Montse Verdú1,2, Ruth Román1, Miquel Calvo3, Natàlia Rodón1, Beatriz García1, Marta González1, August Vidal1,2, and Xavier Puig1,2,4.
1BIOPAT. Biopatologia Molecular, SL, Grup Assistencia, Barcelona, Spain; 2 Histopat Laboratoris, Barcelona, Spain; 3Statistics Department, Universitat de Barcelona, Barcelona, Spain and 4Hospital de Barcelona, SCIAS, Grup Assistencia, Barcelona, Spain.

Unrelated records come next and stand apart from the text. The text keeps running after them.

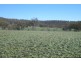 L7 Hamblin Court, Mount Rascal QLD 4350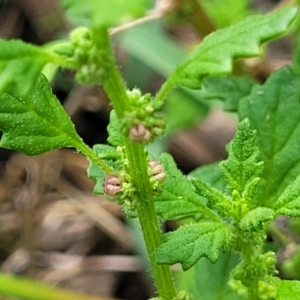 Dysphania pumilio at Banksia Street Wetland Corridor - 23 Jan 2024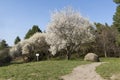 Flowering trees in spring Park, white plaque, round boulder, pat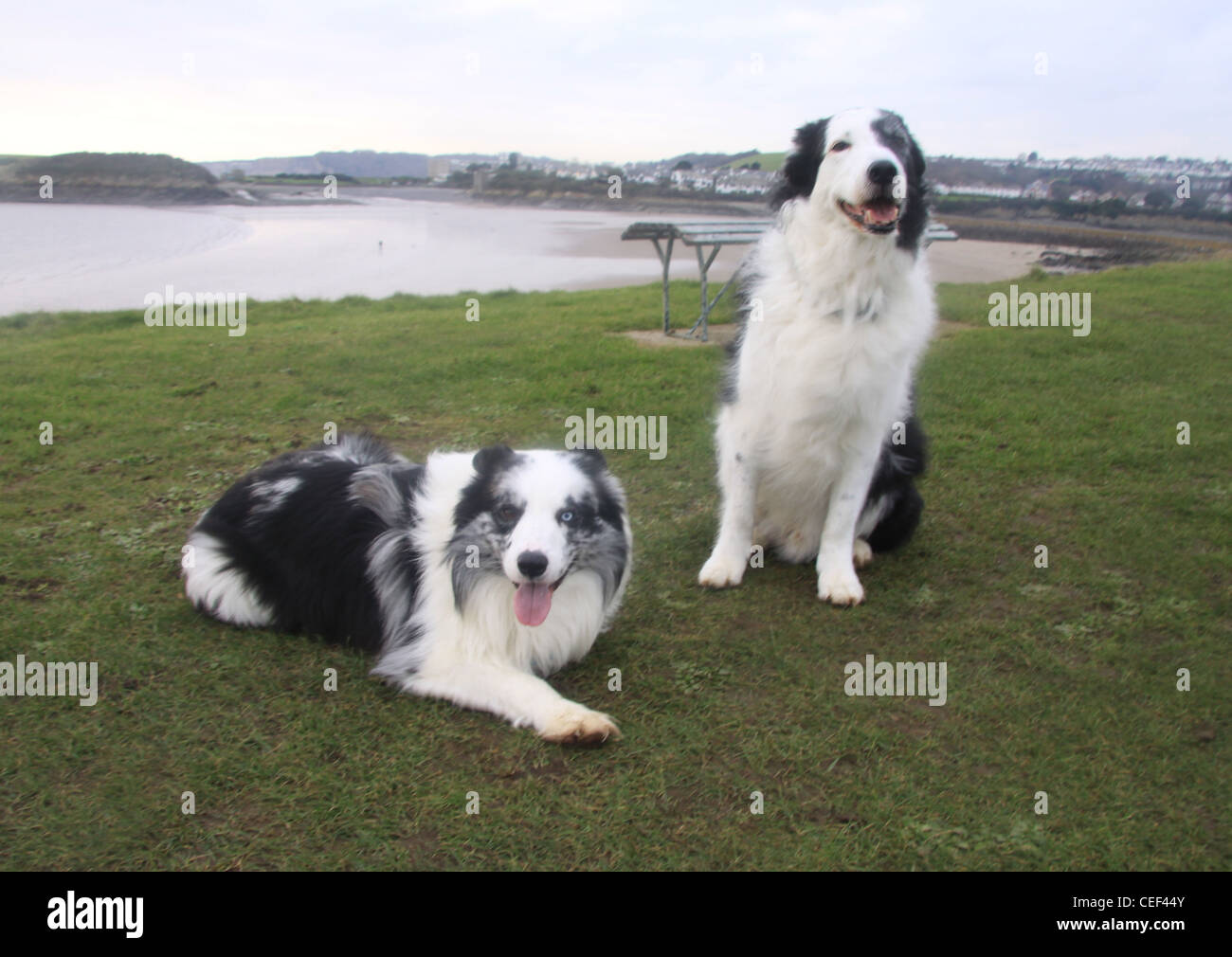 Due collies sulla scogliera Foto Stock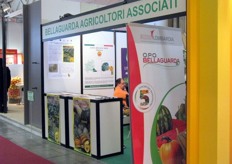 Stand O.P.O. BELLAGUARDA s.a.c.r.l.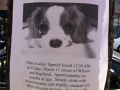 Dog Found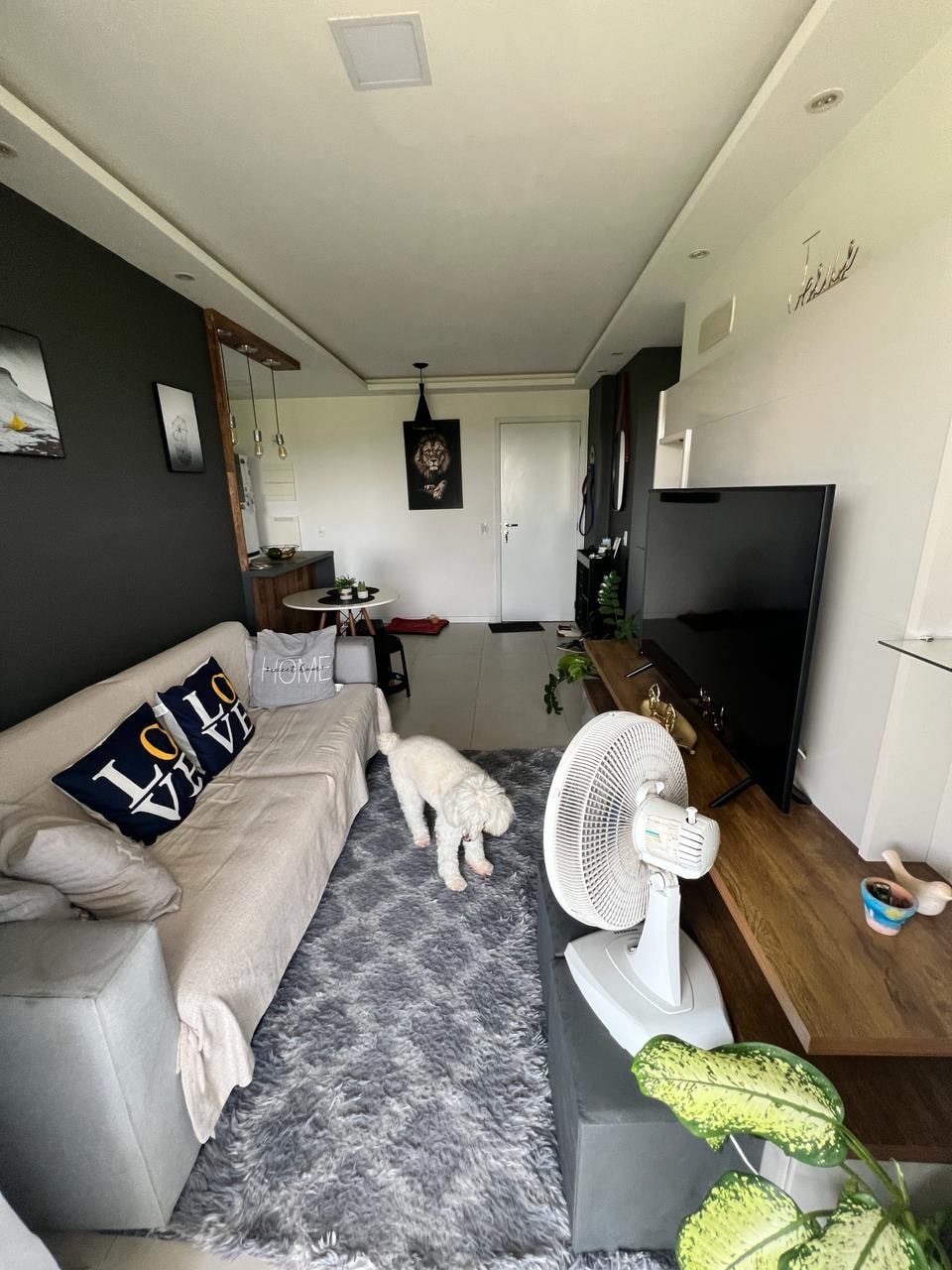 A modern living area features a light gray sofa adorned with decorative cushions. A white dog explores the textured area rug, while a flat-screen TV is set on a wooden stand. Decorative plants and artwork add character to the space.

Invasive micropapillary carcinoma is associated with frequent lymph node metastasis and adverse clinical outcome. Initially described as a variant of breast and ovarian carcinoma, it has subsequently been found in other organs, most recently the colon. Reports of colorectal micropapillary carcinoma to date are limited in number, and their molecular profile has not been established. The aims of the present study were to analyze their clinicopathological features and molecular profile and compare them with those of conventional adenocarcinoma. Clinicopathological features of a cohort of 379 patients with primary colorectal cancer were retrospectively reviewed for the presence of the pattern characteristic of micropapillary carcinoma. We also assessed the expression of KRT7, KRT20, CEACAM5, MUC1 (EMA, clone E29), MUC1 (clone MA695), MLH1, MSH2, MSH6 and TP53 by immunohistochemistry. Genetic assessments of microsatellite instability, chromosomes 17p and 18q, and mutations in TP53, BRAF and KRAS were performed using DNA extracted from formalin-fixed, paraffin-embedded sections. In all, 60 of the reviewed cases (16%) had a micropapillary component that ranged from 5 to 95% of the tumor, characterized by a higher frequency of an infiltrative pattern, lymphovascular and perineural invasion, a higher depth of invasion and more positive lymph nodes than conventional adenocarcinoma. Immunohistochemistry for MUC1 (clone MA695) and MUC1 (EMA, clone E29) enhanced the characteristic inside-out staining pattern of the micropapillary carcinoma component, whereas the rest of the tumor showed luminal staining patterns. KRT7 expression was slightly increased in micropapillary carcinoma, but did not reach significance (17-3%, p=0.1967). The molecular parameters showed a higher frequency of TP53 alterations and a low incidence of microsatellite instability and RER phenotype (loss of mismatch repair protein) in micropapillary carcinoma. With regard to the histological parameters, micropapillary carcinoma appears to be more aggressive than conventional colorectal adenocarcinoma. The molecular profile supports the hypothesis that micropapillary carcinoma carcinogenesis develops through the classical chromosomal instability pathway.